Line of Credit or Credit Card, What’s The Difference?

These days, it can sometimes feel like there are too many options when you’re in need of financial help. Between credit cards, lines of credit, and other types of personal loans, it may be a bit overwhelming.

So, what is the difference between each of these products? And which one is right for you? You don’t want to choose the wrong product and end up with something you don’t really need, so it’s important to make an informed choice.

Today we’re going to focus on the differences between a line of credit and a credit card. Either of these options may be right for your situation depending on your needs. Everyone’s financial situation is unique, there is no such thing as a one-size-fits-all solution. But we hope to give you enough information to make an informed decision about what’s best for you.

The Similarities: Line of Credit vs. Credit Card

Are these two things the same thing? They pretty much have the same name, right? Not exactly. However, there are some similarities.

Both a line of credit and a credit card are examples of revolving credit. Generally, with revolving credit you have a credit limit – let’s say, $2,500, which you have access to. However, you are under no obligation to use all of it.

If you only need $800 for now, that’s fine, you will only be charged based on what you draw. You are also free to borrow and pay back on an ongoing basis.

For example, you may use $1,000, then pay back $900 (with any applicable interest and/or fees), then use another $200, then pay back $300 with any applicable charges, and so on. Hence the term revolving credit.

This is different from some other kinds of personal loans, such as installment loans, which give you a lump sum of money. With those, if you borrow $2,500, you’re given the entire $2,500, and interest accrues on the entire amount.

Because loans like installment loans are not revolving credit products, you typically undergo a separate borrowing process each time you require a new loan. This means that you would have to completely pay off the outstanding balance and apply for a new loan if you wanted to borrow again.

Want to brush up on your line of credit knowledge? Click here to learn more!

The Differences: Line of Credit vs Credit Card

Woman checking her credit card statement

Now that we’ve explored the similarities, let’s see how these two things are different.

A line of credit is usually offered by different types of financial institutions, such as banks or online lenders.

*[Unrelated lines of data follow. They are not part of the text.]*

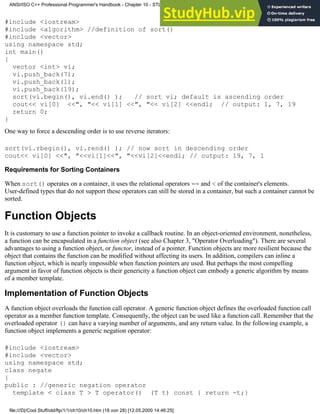 #include <iostream>
#include <algorithm> //definition of sort()
#include <vector>
using namespace std;
int main()
{
vector <int> vi;
vi.push_back(7);
vi.push_back(1);
vi.push_back(19);
sort(vi.begin(), vi.end() ); // sort vi; default is ascending order
cout<< vi[0] <<", "<< vi[1] <<", "<< vi[2] <<endl; // output: 1, 7, 19
return 0;
}
One way to force a descending order is to use reverse iterators:
sort(vi.rbegin(), vi.rend() ); // now sort in descending order
cout<< vi[0] <<", "<<vi[1]<<", "<<vi[2]<<endl; // output: 19, 7, 1
Requirements for Sorting Containers
When sort() operates on a container, it uses the relational operators == and < of the container's elements.
User-defined types that do not support these operators can still be stored in a container, but such a container cannot be
sorted.
Function Objects
It is customary to use a function pointer to invoke a callback routine. In an object-oriented environment, nonetheless,
a function can be encapsulated in a function object (see also Chapter 3, "Operator Overloading"). There are several
advantages to using a function object, or functor, instead of a pointer. Function objects are more resilient because the
object that contains the function can be modified without affecting its users. In addition, compilers can inline a
function object, which is nearly impossible when function pointers are used. But perhaps the most compelling
argument in favor of function objects is their genericity a function object can embody a generic algorithm by means
of a member template.
Implementation of Function Objects
A function object overloads the function call operator. A generic function object defines the overloaded function call
operator as a member function template. Consequently, the object can be used like a function call. Remember that the
overloaded operator () can have a varying number of arguments, and any return value. In the following example, a
function object implements a generic negation operator:
#include <iostream>
#include <vector>
using namespace std;
class negate
{
public : //generic negation operator
template < class T > T operator() (T t) const { return -t;}
ANSI/ISO C++ Professional Programmer's Handbook - Chapter 10 - STL and Generic Programming
file:///D|/Cool Stuff/old/ftp/1/1/ch10/ch10.htm (18 von 28) [12.05.2000 14:46:25]
 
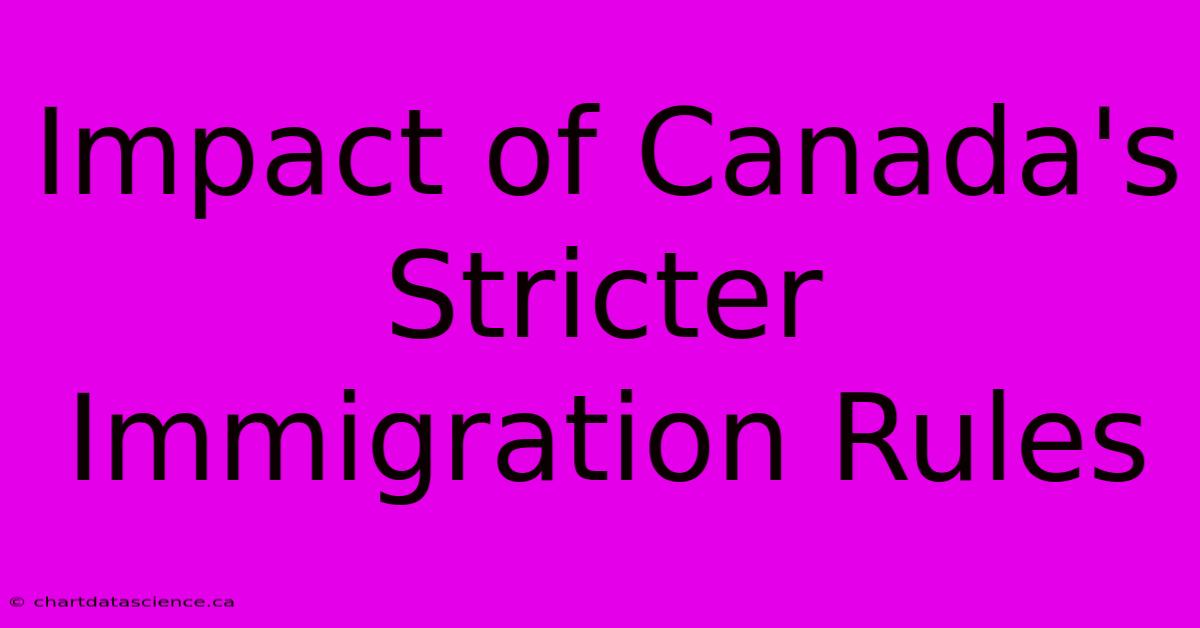 Impact Of Canada's Stricter Immigration Rules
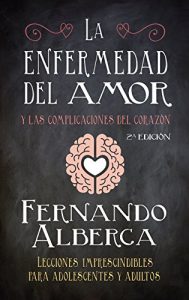 Baixar La enfermedad del amor (Padres educadores) pdf, epub, eBook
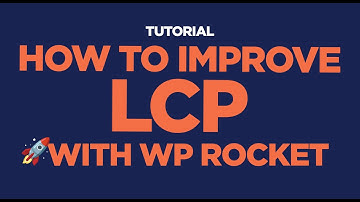[TUTORIAL] - How to Improve LCP with WP Rocket - 2025 Edition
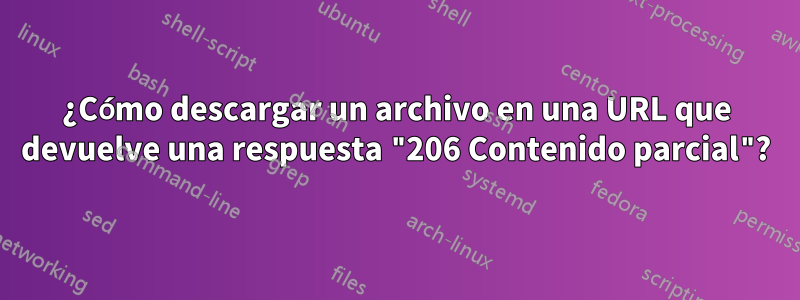 ¿Cómo descargar un archivo en una URL que devuelve una respuesta "206 Contenido parcial"?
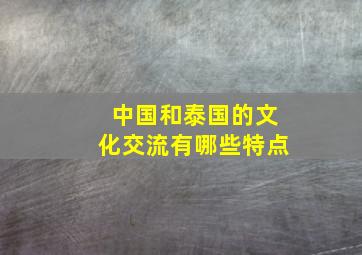 中国和泰国的文化交流有哪些特点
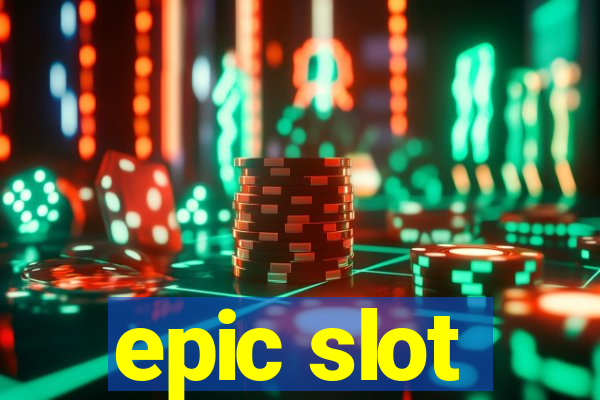 epic slot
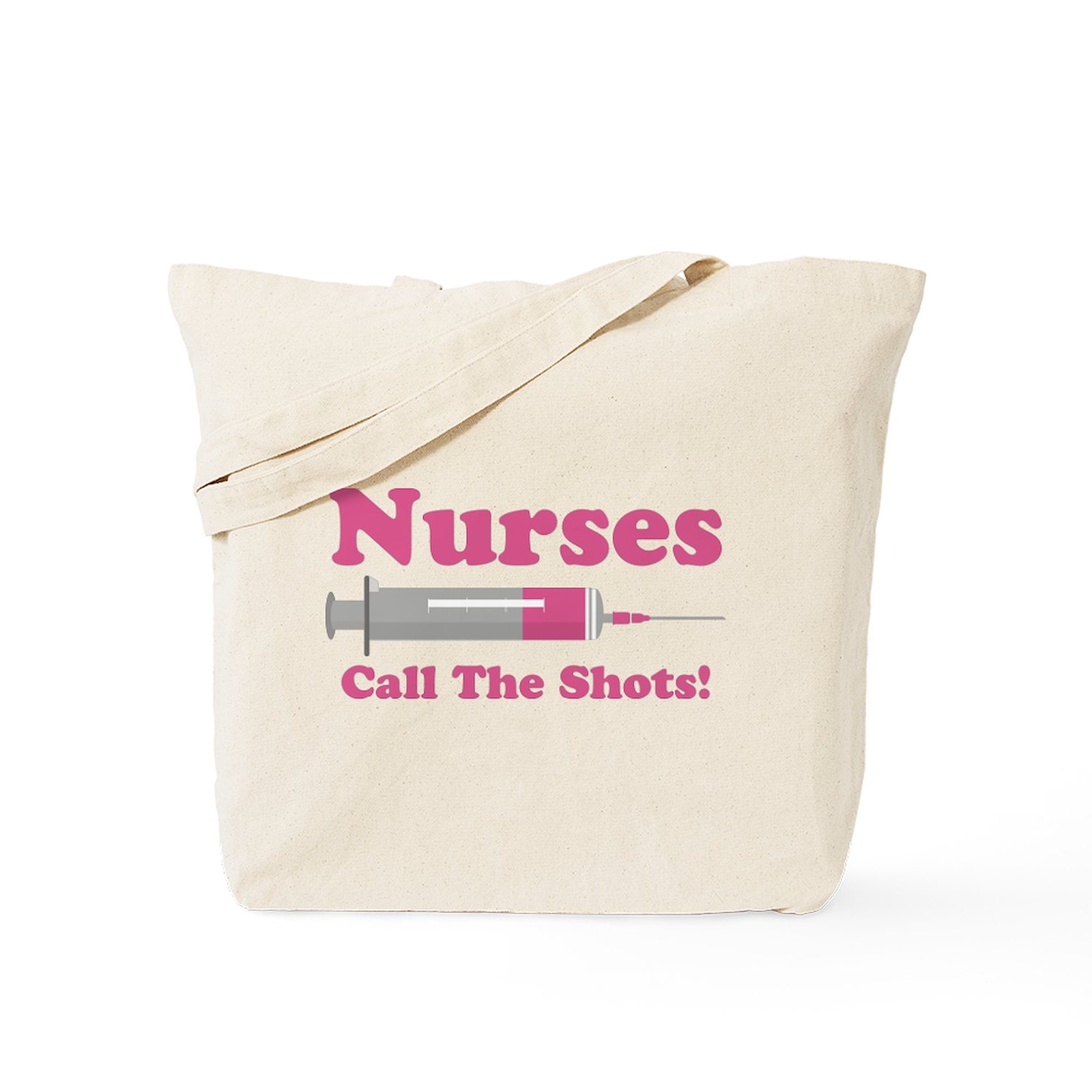 CafePress Nurses Call The Shots Tote Bag (701684484)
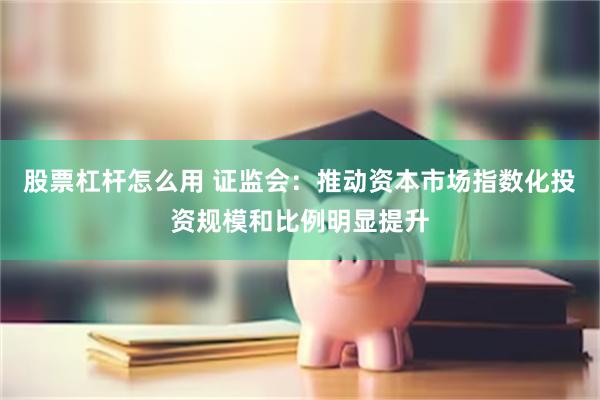 股票杠杆怎么用 证监会：推动资本市场指数化投资规模和比例明显提升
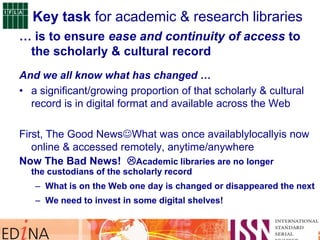 … is to ensure ease and continuity of access to
the scholarly & cultural record
And we all know what has changed …
• a significant/growing proportion of that scholarly & cultural
record is in digital format and available across the Web
First, The Good NewsWhat was once availablylocallyis now
online & accessed remotely, anytime/anywhere
Now The Bad News! Academic libraries are no longer
the custodians of the scholarly record
– What is on the Web one day is changed or disappeared the next
– We need to invest in some digital shelves!
Key task for academic & research libraries
 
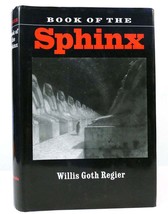 Willis Goth Regier Book Of The Sphinx 1st Edition 1st Printing - £36.78 GBP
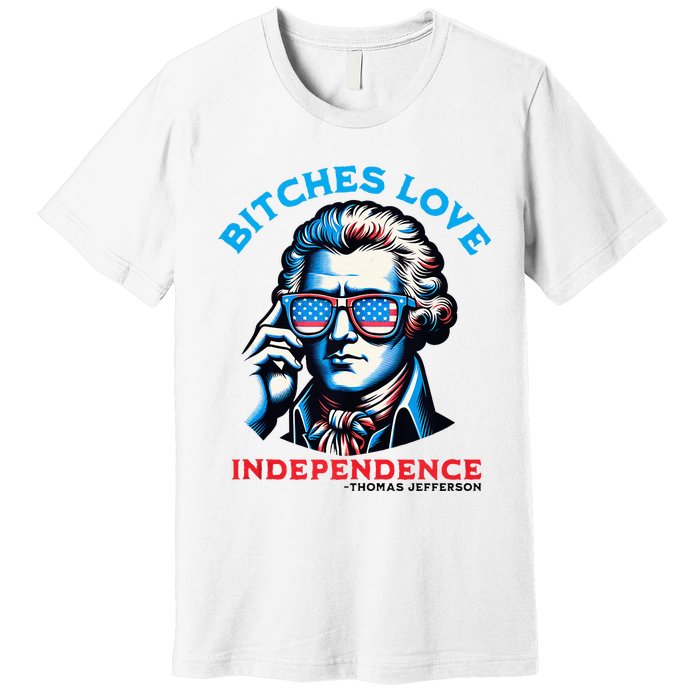 Bitches Love Independence Funny 4th Of July Thomas Jefferson Premium T-Shirt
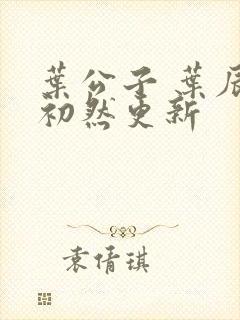 叶公子 叶辰萧初然更新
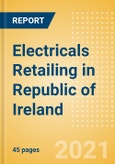 Electricals Retailing in Republic of Ireland - Sector Overview, Market Size and Forecast to 2025- Product Image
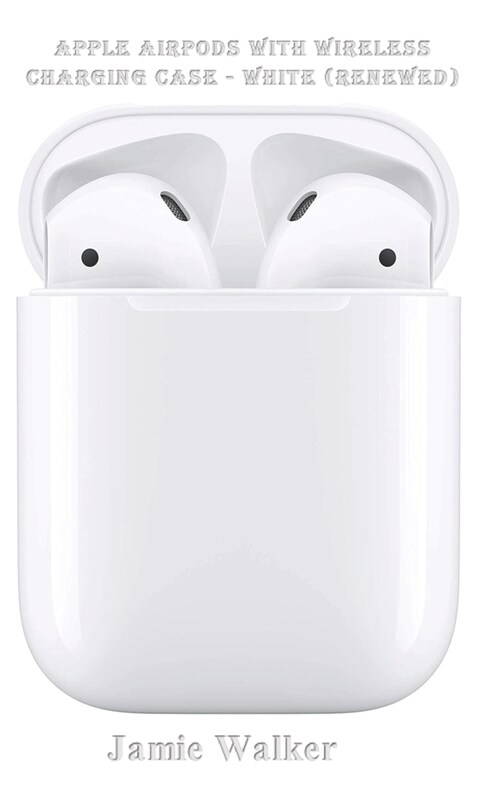 Apple AirPods with Wireless Charging Case - White (Renewed) (Paperback)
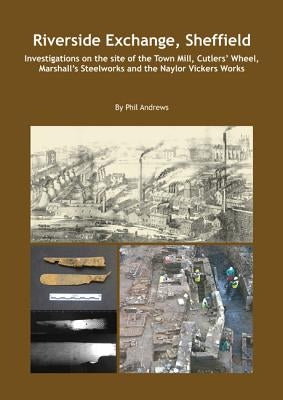 Riverside Exchange: Investigations on the Site of the Town Mill, Cutlers' Wheel, Marshall's Steelworks and the Naylor Vickers Works by Andrews, Phil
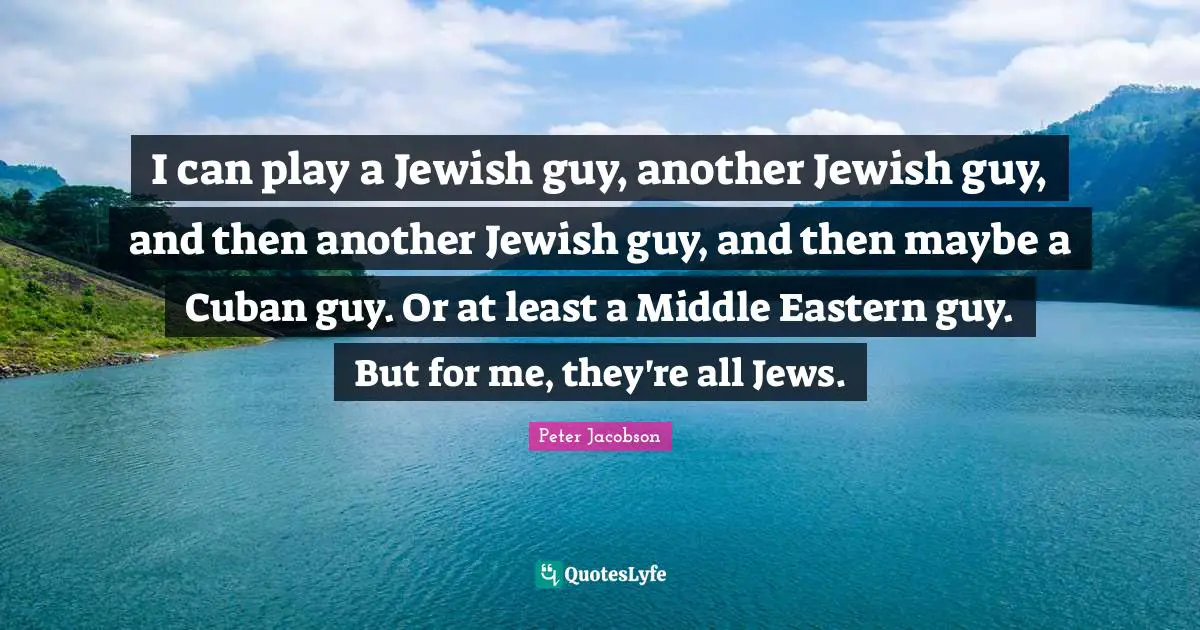 I can play a Jewish guy, another Jewish guy, and then another Jewish guy, and then maybe a Cuban guy. Or at least a Middle Eastern guy. But for me, they're all Jews.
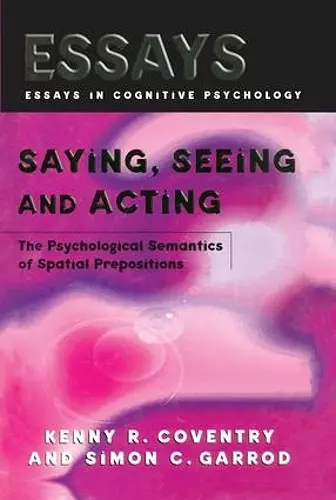 Saying, Seeing and Acting cover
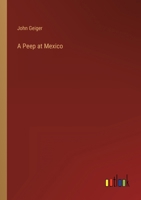 A Peep at Mexico 3368822527 Book Cover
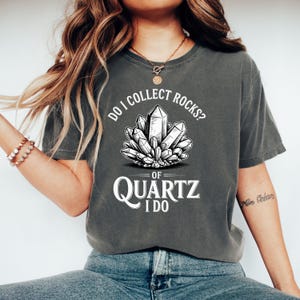 T-shirt verzamel stenen kwarts, shirt geoloog, rockcollector cadeau, T-shirt geologieliefhebber, T-shirt mineraal, grappig shirt rockhounding, grappig shirt rockhounding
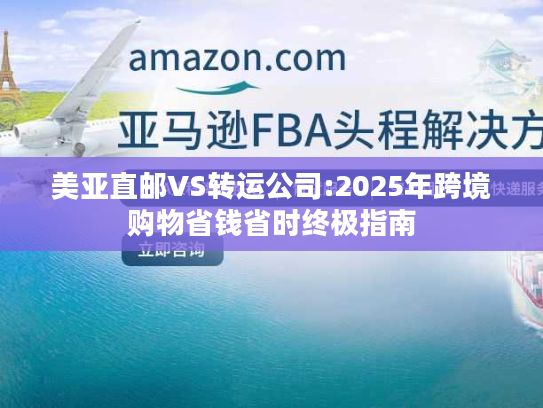 美亚直邮VS转运公司:2025年跨境购物省钱省时终极指南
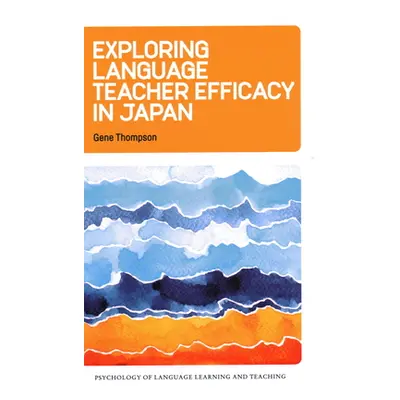 "Exploring Language Teacher Efficacy in Japan" - "" ("Thompson Gene")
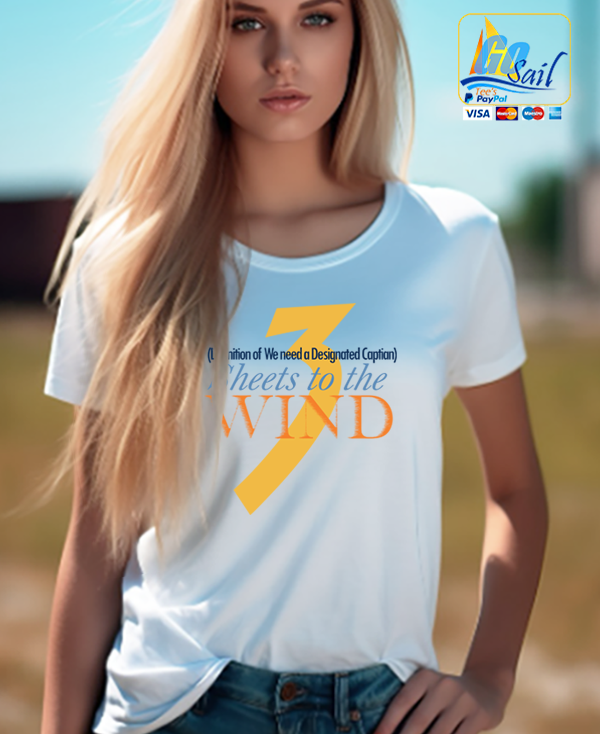 "3 SHEETS TO THE WIND" Unisex T-Shirt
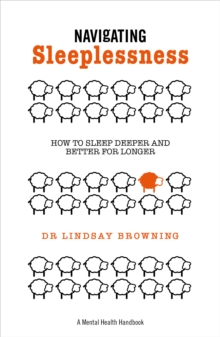 Navigating Sleeplessness : How to Sleep Deeper and Better for Longer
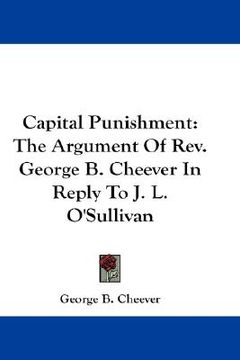 portada capital punishment: the argument of rev. george b. cheever in reply to j. l. o'sullivan (in English)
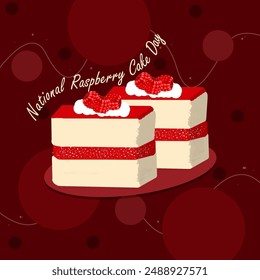 National Raspberry Cake Day event food banner. Two pieces of cake with topping raspberries on dark red background to celebrate on July 31st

Credit cards, on the other hand, are typically offered by major credit card companies. Now, these may come in a few different forms. Major credit card companies often partner with major banks or department stores.

How Does Credit Card Interest Work?

Your annual percentage rate (APR) plays a big role in how much interest you’re charged on your credit card. Your card may have a fixed APR or a variable APR. A fixed APR typically stays the same, but it may change if your payment is late or if an introductory offer expires. A variable APR shifts with the prime rate.

You may also be charged the following types of interest on your credit card[1]:

  • Purchase APR
  • Balance transfer APR
  • Cash advance APR
  • Introductory APR
  • Penalty APR

What About Perks?

Generally speaking, credit card companies offer you perks for using the credit card. This may include cashback, which is when you receive a small percentage of money back on every purchase you make using the credit card. In some cases, you may be able to earn reward miles when you use your credit card. These may be used towards flights, vacations, or hotel rooms.

Why Would I Need a Line of Credit?

One of the bigger differences between these two forms of revolving credit is how you could use them.

A line of credit which you draw funds from typically acts as a safety net. Life’s expenses aren’t always predictable. You don’t know when your car is going to break down, your washing machine is going to quit, or your roof is going to start leaking. A line of credit may be an option for when these emergency expenses show up from out of nowhere.

Want to learn more about what your funding options may be in an emergency? Click here!

Credit and debit card machine

Why Might I Need a Credit Card?

A credit card may be a solution for any of the situations listed above. Or you may rely on a credit card for everyday expenses. However, if you need the money in a hurry, the application process for a major credit card may take a few weeks.

If you have to apply for a credit card, it may not be fast enough to help you in an emergency. In which case, it may be better suited for planned purchases and occasions — like traveling. Countries all over the world accept many of the major credit cards, making it an easy way to purchase things without carrying the local currency. A credit card may also be necessary when renting a vehicle or a hotel room.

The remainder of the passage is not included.